Dieser Vertrag ist ein rechtsgültiges Dokument und muss von einem Anwalt unterzeichnet werden, mit Ausnahme von Kleinstunternehmen und Kleinunternehmen gemäß dem Gesetz über Kleinst- und Kleinunternehmen.
Die rechtliche Registrierung eines Unternehmens erfolgt beim State Commercial Board oder beim Legal Entities Registry Office. Bei natürlichen Personen entspricht sie einer Geburtsurkunde.
Die Liste der vorzulegenden Dokumente kann variieren, im Allgemeinen handelt es sich jedoch um: Gesellschaftsvertrag; Persönliche Dokumente des Eigentümers oder Partners.
Nach den ersten Verfahren wird die NIRE (Firmenregistrierungs-Identifikationsnummer), die in Form eines von der Handelskammer oder dem Notariat erstellten Etiketts oder Stempels vorgelegt wird und eine im Gründungsakt festgelegte Nummer enthält.
Für die staatliche Registrierung ist die Beauftragung eines Buchhalters erforderlich.
Mit dem NIRE In der Hand wird es möglich sein, eine CNPJ-Nummer zu generieren. Dies muss online auf der Website des Federal Revenue über das sogenannte Basic Entry Document beantragt werden.
Nach Abschluss des Antrags müssen die erforderlichen Dokumente von Sedex gesendet oder persönlich beim Bundesfinanzsekretariat abgegeben werden. Darüber hinaus ist es notwendig, die Tätigkeit zu signalisieren, die das Unternehmen durchführen wird.
Alle Unternehmen müssen bei der Sozialversicherung registriert sein, auch wenn sie keine Mitarbeiter beschäftigen. Zunächst müssen nur die Partner die jeweiligen Steuern zahlen.

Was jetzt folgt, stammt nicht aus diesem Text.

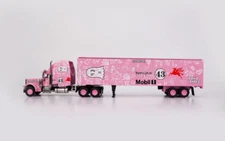 FINE 1:64 Scale Pink 43 Peterbilt King Hauler Trailer Truck Diecast Metal Car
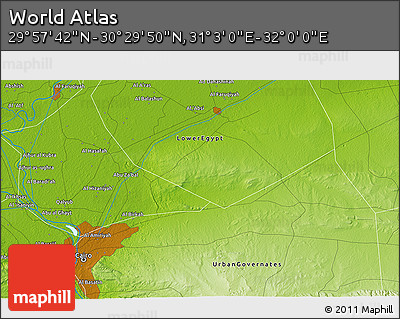 Physical 3D Map of the Area around 30° 13' 46" N, 31° 31' 29" E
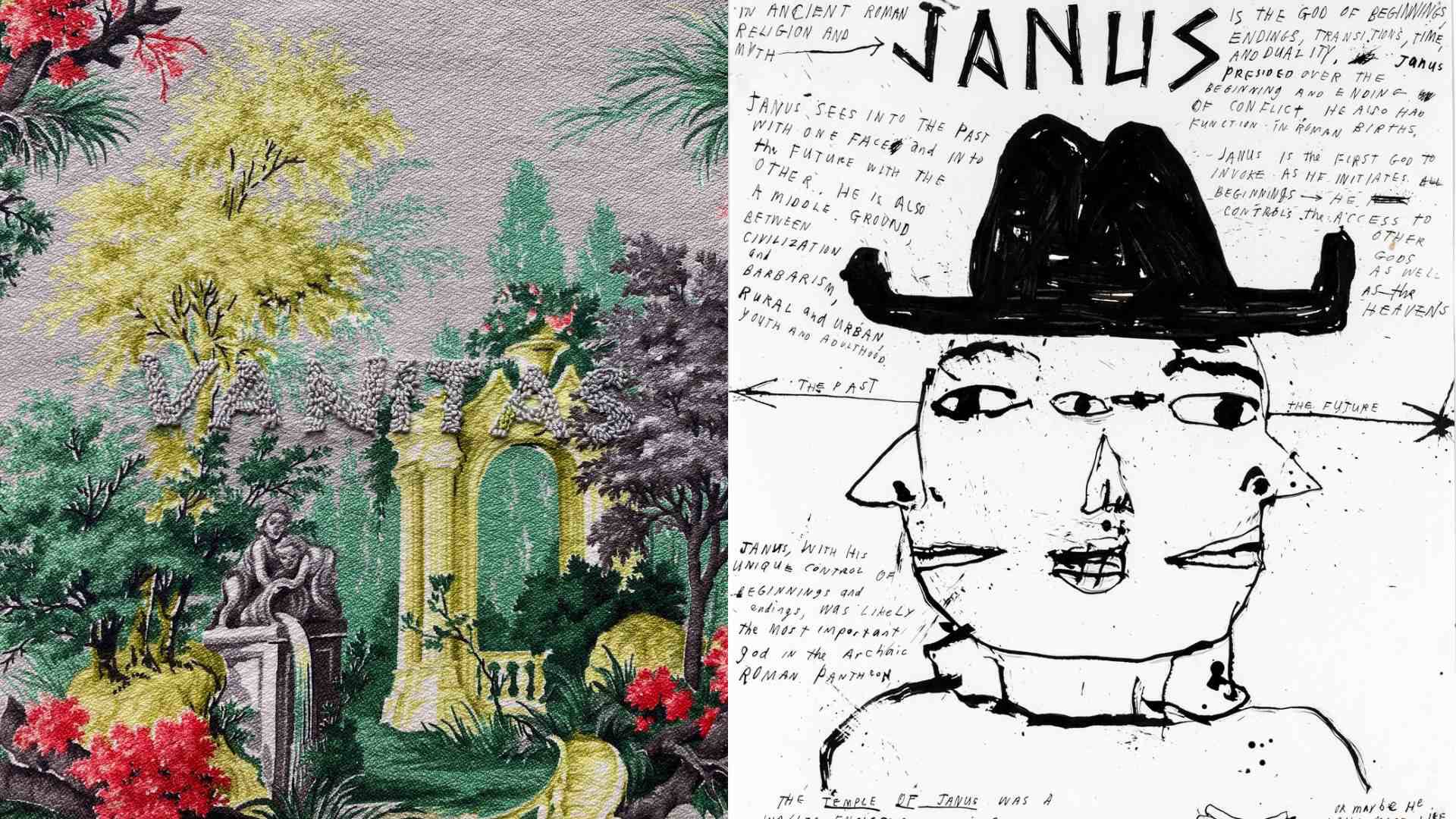 Split graphic of two pieces of art. On the left, an impressionist image of a lush garden with green, yellow, red, and grey colors. On the right, a black and white human-like figure with multiple faces, a black hat, and the word, "JANUS"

Der Eigentümer kann an der Veranstaltung teilnehmen Agentur von die Pension Sie erhalten Informationen zu den erforderlichen Unterlagen und zum weiteren Vorgehen bei der Registrierung.
Es ist wichtig hervorzuheben, dass für Unternehmen, die ihre Produkte über virtuelle Plattformen wie E-Commerce anbieten, alle normalen Gesetze gelten, genau wie für physische Unternehmen. Dies gilt neben den Bestimmungen des Verbraucherschutzgesetzes und der Arbeitsvorschriften auch für die Bestimmungen des Verbraucherschutzgesetzes LGPD – Allgemeines Datenschutzgesetz, wie zum Beispiel den Schutz sensibler Daten und personenbezogener Daten, sowohl von Verbrauchern und Kunden, aber auch von Mitarbeitern des Unternehmens.

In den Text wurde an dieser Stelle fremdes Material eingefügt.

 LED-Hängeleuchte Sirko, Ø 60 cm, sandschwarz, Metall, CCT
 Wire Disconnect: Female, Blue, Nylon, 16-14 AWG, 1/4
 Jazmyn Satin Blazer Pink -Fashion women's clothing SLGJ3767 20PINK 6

A DSGVO richtet sich an Unternehmen aller Art. Dennoch besteht bei virtuellen Plattformen ein Bedarf an größerer Diskretion, da Online-Verkäufe und -Dienstleistungen häufig mit einer Vielzahl von Formularen, Registrierungen und Angaben der Nutzer verbunden sind.
Daher müssen sie der Entwicklung des Projekts unter datenschutzrechtlichen Gesichtspunkten Aufmerksamkeit schenken, von der Strukturierung der Plattform bis hin zur Verwendung der Methodik und des Konzepts Privatsphäre durch Design.
Für all diese Punkte ist es wichtig, eine spezialisierte Rechtsberatung in Anspruch zu nehmen, die Sie durch alle Schritte der Regularisierung begleitet und das ordnungsgemäße Funktionieren Ihres Unternehmens im Rahmen des Gesetzes gewährleistet.